TASK MATERIAL:
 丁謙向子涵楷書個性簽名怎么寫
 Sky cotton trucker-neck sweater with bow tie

...

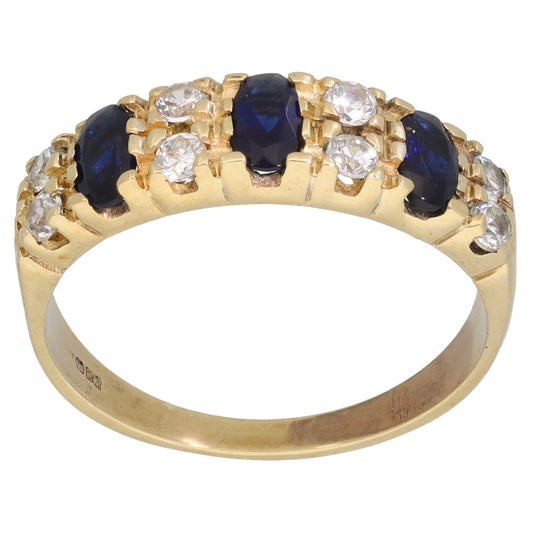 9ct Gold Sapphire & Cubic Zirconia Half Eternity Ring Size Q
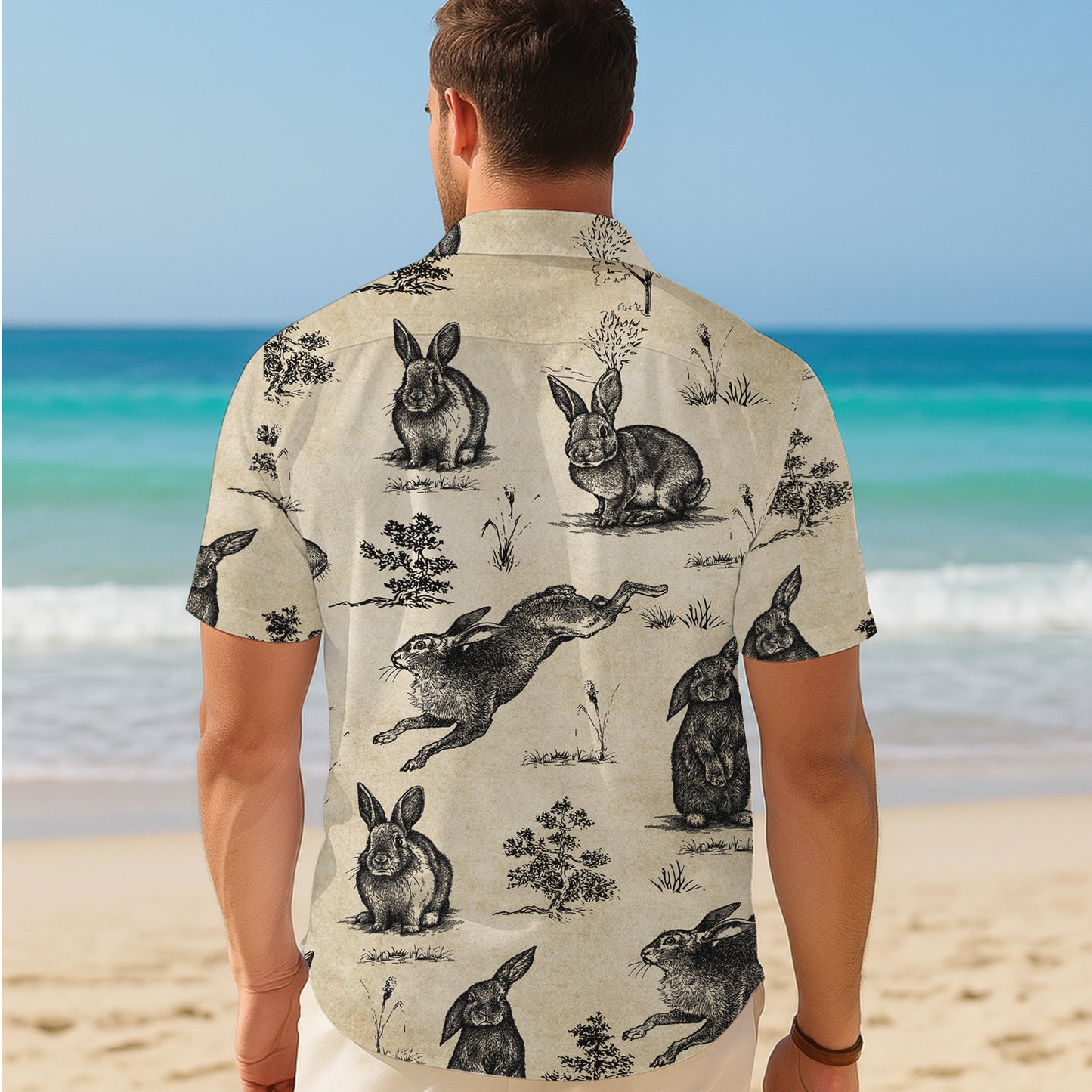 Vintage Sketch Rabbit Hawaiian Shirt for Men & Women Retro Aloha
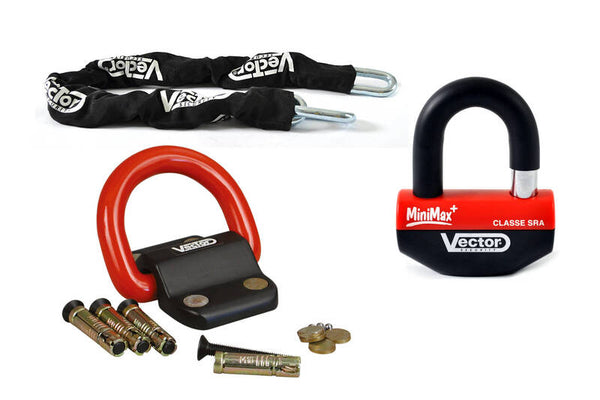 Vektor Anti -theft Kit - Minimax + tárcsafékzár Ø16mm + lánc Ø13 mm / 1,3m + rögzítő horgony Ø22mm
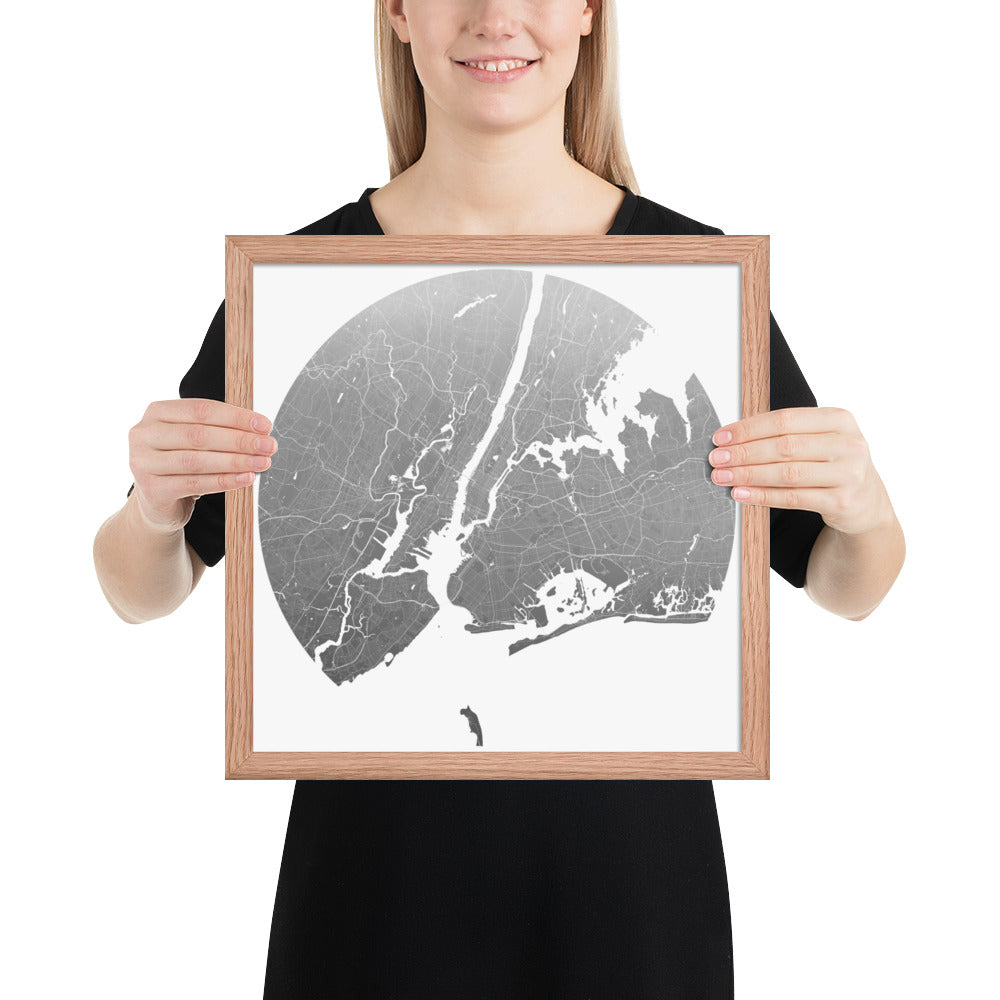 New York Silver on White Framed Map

==

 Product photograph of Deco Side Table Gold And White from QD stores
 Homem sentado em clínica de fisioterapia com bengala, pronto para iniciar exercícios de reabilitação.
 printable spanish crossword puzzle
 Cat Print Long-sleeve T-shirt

TASK BRIEF: In the entries above, find the line with "Vektor Anti -theft" and the line with "New York Silver on White Framed Map". Return exactly those lines and all the ones between them, pictures excluded.

RESULT FOR THIS TASK:
 Vektor Anti -theft Kit - Minimax + tárcsafékzár Ø16mm + lánc Ø13 mm / 1,3m + rögzítő horgony Ø22mm
 New York Silver on White Framed Map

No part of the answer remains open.